RECORD EXTRACTS:
=== Begin Enclosure ===
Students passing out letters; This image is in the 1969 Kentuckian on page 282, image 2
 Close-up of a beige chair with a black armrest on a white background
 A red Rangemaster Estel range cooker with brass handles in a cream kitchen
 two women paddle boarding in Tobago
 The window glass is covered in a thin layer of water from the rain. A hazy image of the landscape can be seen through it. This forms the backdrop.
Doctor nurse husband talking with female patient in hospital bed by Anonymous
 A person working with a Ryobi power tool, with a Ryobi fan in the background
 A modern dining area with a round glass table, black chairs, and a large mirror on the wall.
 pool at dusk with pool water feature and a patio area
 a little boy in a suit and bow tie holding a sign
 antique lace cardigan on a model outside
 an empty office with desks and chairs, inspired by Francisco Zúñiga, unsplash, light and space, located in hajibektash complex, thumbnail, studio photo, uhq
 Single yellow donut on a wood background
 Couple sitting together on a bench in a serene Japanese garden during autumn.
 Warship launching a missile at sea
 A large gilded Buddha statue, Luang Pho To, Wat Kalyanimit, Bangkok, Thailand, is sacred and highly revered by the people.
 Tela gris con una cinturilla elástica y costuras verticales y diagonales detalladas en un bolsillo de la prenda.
=== End Enclosure ===
WHAT YOU NEED TO DO: Given the records above, return exactly the lines starting at the line containing "two women paddle boarding in Tobago" and ending at the line containing "Single yellow donut on a wood background", including both.

PROBLEM SOLUTION:
 two women paddle boarding in Tobago
 The window glass is covered in a thin layer of water from the rain. A hazy image of the landscape can be seen through it. This forms the backdrop.
Doctor nurse husband talking with female patient in hospital bed by Anonymous
 A person working with a Ryobi power tool, with a Ryobi fan in the background
 A modern dining area with a round glass table, black chairs, and a large mirror on the wall.
 pool at dusk with pool water feature and a patio area
 a little boy in a suit and bow tie holding a sign
 antique lace cardigan on a model outside
 an empty office with desks and chairs, inspired by Francisco Zúñiga, unsplash, light and space, located in hajibektash complex, thumbnail, studio photo, uhq
 Single yellow donut on a wood background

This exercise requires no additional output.